日本初の「ヒグマレクチャー」
知床国立公園(しれとここくりつこうえん)のふもとの町、ウトロの小中学校では、去年から日本で始めて道徳の授業でヒグマレクチャーという、もしヒグマに出会ったらどうすればよいかなどを僕たち知床財団(しれとこざいだん)のスタッフが教えることになりました。


なぜウトロの小中学校でこのようなヒグマレクチャーをしなければならないかというと、ウトロの町は国立公園の森に囲まれた町で、森の中にはたくさんの野生動物が住んでいます。もちろんそこには、日本の野生動物では一番強いヒグマもいます。

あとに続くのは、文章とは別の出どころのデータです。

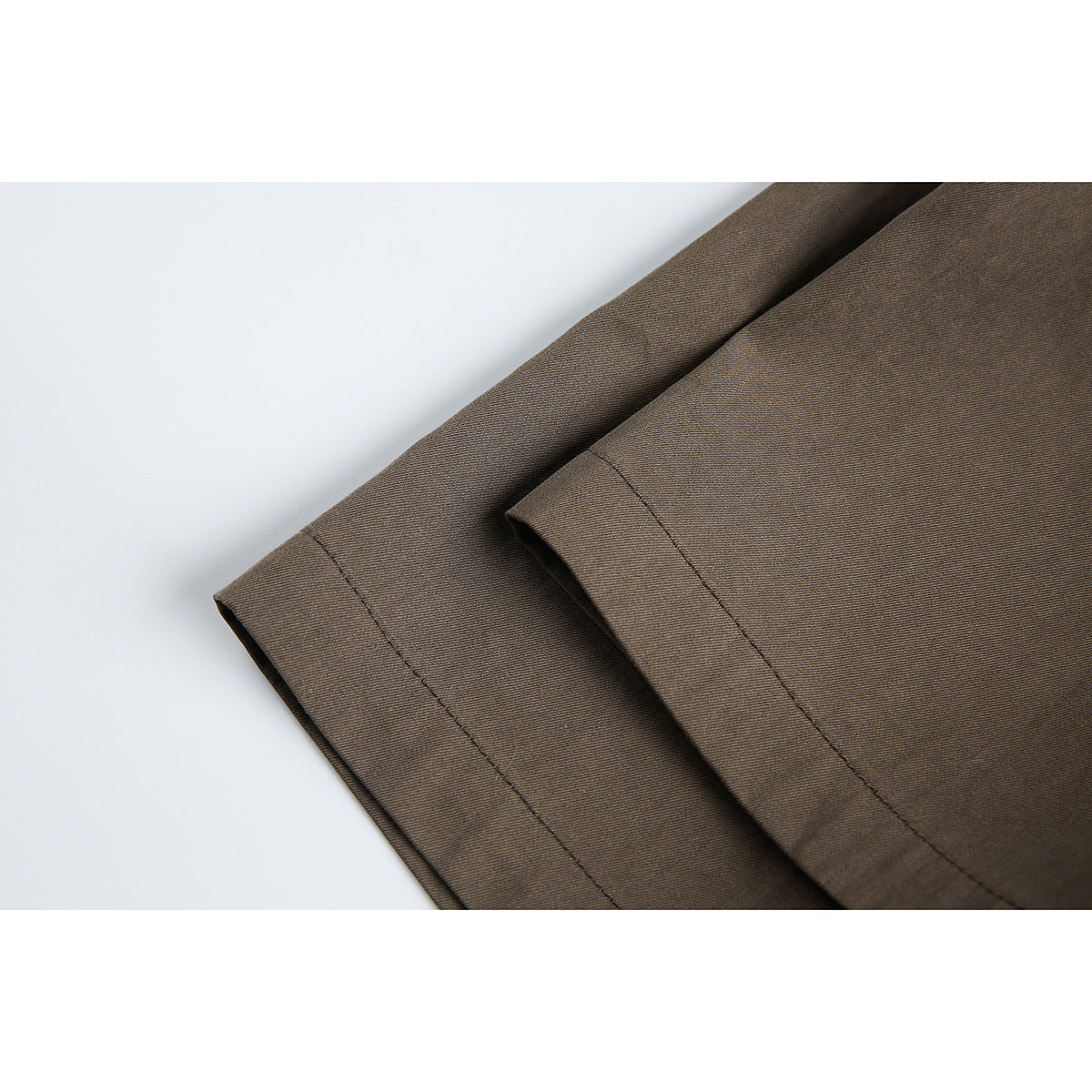 Close-up of the stitched hem and folded edge of a brown garment against a pale background.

ヒグマは、ふだん森の中で生活していますが、エサをさがしながら移動(いどう)している間にウトロの町へ間違って出てきてしまうことがあります。そのため、小中学校の周りを電気牧柵(でんきぼくさく)という電気のさくでかこってヒグマが入ってこられないようにしたり、ヒグマのかくれられそうな背の高い草を切って見通しを良くしたりしてヒグマが町に出てこないようにしています。でも小中学生が学校への登下校時間にヒグマに出会ってしまうことがあります。そこで僕たちは、どうすればヒグマが町に出てこないかを紙しばいを使ってせつめいし、もしヒグマに出会ってしまったらどうすれば安全にヒグマからのがれられるか実際にヒグマの着ぐるみを着たスタッフと実演(じつえん)してもらいおぼえてもらっています。

このようにウトロの小中学校では、小さい頃から授業で野生動物と共に生きることを教えることによりウトロ住民の一人一人のいしきが高くなると思います。